(Caption-style text data)
★ ★ ★ ★ ★ ★ ★

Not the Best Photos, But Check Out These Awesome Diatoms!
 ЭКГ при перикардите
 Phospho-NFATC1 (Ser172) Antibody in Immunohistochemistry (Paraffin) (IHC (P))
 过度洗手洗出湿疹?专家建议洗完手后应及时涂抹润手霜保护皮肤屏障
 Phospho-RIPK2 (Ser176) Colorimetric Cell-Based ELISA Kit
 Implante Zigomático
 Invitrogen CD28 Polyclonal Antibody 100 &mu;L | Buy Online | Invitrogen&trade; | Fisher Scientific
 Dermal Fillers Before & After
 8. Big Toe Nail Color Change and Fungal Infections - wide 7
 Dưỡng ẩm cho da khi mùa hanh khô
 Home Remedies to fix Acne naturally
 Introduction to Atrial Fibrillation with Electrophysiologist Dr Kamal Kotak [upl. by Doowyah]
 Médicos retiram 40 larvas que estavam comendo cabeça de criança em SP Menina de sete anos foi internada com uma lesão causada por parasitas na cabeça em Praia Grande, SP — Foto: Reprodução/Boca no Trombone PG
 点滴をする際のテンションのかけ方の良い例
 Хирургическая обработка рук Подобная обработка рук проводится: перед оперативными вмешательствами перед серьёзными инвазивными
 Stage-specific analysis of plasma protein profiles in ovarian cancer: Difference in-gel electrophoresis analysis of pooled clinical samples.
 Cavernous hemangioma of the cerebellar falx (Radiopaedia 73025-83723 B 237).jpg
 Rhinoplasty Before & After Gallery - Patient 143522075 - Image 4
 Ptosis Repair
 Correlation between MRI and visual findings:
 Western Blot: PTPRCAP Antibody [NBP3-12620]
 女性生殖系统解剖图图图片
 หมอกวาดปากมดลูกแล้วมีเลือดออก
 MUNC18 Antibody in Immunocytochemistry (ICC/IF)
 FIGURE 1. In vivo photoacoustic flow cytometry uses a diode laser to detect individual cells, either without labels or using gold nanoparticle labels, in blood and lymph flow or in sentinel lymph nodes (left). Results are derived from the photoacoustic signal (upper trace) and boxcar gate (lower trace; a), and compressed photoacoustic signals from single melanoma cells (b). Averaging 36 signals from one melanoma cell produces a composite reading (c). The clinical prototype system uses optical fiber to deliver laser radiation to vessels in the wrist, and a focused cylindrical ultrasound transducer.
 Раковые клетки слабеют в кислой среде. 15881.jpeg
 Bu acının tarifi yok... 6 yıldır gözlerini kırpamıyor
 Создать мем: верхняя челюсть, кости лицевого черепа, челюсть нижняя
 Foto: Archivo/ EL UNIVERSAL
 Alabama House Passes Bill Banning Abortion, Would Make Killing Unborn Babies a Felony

★ ★ ★ ★ ★ ★ ★

Determine how many lines of the entries hold "Antibody", and reply with that number only.

__Reply__. 4